The number of mortgage applications filed in the U.S. jumped 4.8% for the week ending March 30 as more borrowers started the process of buying a home, according to an industry trade group.
The upswing is tied to an increase in applications for both home purchases and refinancings, according to the latest Mortgage Bankers Association market composite index.
“It’s too early to conclude that March’s increase in mortgage applications for home purchase is the start of an upward trend,” Capital Economics said. “But the sharp rise in average loan size certainly seems consistent with an increasing appetite for mortgage credit.”
The refinance index, which measures refinancing activity, grew 4% from the previous week while the seasonally adjusted purchase index increased 7.2% from a week earlier.
“Applications to buy a home picked up last week, and are running more than 2% above the level reported at this time last year.
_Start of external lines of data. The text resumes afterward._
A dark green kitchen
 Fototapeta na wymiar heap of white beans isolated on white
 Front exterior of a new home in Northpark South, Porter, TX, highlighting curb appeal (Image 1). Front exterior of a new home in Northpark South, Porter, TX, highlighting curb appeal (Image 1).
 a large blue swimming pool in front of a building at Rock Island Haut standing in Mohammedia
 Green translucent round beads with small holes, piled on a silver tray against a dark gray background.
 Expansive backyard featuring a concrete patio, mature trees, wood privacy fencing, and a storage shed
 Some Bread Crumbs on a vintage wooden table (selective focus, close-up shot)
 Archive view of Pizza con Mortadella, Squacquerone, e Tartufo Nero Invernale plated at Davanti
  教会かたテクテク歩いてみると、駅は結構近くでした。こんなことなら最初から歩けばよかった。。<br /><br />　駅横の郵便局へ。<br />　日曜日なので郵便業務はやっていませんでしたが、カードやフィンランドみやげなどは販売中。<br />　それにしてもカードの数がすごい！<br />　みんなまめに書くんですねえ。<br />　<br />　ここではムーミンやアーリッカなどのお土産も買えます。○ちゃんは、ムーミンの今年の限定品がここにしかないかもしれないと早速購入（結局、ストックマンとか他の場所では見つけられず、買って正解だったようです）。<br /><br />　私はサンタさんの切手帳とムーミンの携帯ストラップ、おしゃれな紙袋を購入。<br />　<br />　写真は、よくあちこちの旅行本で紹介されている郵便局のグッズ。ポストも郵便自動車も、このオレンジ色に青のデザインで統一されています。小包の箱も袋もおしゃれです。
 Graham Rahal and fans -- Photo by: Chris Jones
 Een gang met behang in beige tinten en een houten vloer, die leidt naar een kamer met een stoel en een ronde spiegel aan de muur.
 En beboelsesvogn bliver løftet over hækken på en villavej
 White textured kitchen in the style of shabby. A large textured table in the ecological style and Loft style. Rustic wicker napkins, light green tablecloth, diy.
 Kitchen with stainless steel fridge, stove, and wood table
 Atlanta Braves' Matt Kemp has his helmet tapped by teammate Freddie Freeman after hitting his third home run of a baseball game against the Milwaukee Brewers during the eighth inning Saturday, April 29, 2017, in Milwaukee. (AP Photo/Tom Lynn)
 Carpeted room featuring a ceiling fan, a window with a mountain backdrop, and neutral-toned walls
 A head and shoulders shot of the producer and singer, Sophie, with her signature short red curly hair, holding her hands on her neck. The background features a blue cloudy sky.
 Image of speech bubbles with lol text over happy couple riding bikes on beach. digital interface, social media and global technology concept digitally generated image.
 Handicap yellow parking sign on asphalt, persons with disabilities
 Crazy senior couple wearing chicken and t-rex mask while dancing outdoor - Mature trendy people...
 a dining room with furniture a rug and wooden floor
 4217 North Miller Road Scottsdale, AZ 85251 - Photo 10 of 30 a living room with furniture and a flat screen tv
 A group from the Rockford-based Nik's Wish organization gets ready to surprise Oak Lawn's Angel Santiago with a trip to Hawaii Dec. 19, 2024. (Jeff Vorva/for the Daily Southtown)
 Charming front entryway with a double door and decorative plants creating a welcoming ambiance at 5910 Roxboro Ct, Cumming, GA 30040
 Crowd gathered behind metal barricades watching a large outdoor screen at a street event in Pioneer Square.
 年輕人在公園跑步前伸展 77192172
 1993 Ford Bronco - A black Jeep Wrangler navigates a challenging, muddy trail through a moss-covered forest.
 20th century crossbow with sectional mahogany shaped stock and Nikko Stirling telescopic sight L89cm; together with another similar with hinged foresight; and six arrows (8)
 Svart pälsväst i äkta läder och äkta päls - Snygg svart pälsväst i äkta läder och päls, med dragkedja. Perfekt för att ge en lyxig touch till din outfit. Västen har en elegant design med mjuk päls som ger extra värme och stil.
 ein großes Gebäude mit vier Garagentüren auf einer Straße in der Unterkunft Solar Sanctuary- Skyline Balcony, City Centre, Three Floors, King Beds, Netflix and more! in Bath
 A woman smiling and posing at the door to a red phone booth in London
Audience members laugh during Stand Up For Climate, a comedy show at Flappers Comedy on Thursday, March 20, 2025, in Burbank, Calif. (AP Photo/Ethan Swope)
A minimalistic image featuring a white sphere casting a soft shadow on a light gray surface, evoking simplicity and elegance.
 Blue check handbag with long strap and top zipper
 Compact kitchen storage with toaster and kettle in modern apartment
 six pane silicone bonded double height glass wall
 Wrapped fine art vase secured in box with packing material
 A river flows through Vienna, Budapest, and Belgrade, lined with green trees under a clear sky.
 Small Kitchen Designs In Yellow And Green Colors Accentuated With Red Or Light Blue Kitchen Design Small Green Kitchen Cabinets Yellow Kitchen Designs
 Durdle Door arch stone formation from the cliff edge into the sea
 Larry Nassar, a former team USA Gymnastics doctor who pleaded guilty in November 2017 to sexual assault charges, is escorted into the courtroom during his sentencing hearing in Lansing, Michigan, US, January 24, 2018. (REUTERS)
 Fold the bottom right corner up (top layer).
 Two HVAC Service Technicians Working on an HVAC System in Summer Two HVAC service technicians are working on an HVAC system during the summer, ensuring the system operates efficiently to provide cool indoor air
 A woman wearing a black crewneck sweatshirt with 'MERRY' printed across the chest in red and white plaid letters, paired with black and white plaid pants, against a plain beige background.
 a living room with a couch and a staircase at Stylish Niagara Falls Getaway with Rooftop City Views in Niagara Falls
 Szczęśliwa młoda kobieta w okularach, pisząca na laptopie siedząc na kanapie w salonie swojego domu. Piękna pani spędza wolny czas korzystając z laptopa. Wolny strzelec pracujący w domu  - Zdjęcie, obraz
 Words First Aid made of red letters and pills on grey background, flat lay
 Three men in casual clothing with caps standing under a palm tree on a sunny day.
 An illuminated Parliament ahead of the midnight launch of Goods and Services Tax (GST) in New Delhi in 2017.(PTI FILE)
Home purchase applications for conventional loans are now about 10% above last year’s level,” said Michael Fratantoni, the MBA’s vice president of research and economics. “Applications for government loans increased by more than 10% over the week, for both purchase and refinance, likely spurred by borrowers seeking to apply before scheduled increases in FHA mortgage insurance premiums at the beginning of April.”
The refinance share of all mortgage activity remained relatively the same at 71.2%, compared to 71.9% a week earlier.
Mortgage interest rates for the most part fell during the most recent survey period. The average contract interest rate on a 30-year, fixed-rate mortgage with conforming loan balances declined from 4.23% to 4.16%. In addition, the 30-year, FRM for jumbo loans fell from 4.54% to 4.46%, while the 30-year, FRM backed by FHA declined from 3.96% to 3.89%.
The 15-year, FRM fell from 3.50% to 3.40%, and the interest rate for 5/1 ARMs declined from 3% to 2.93%.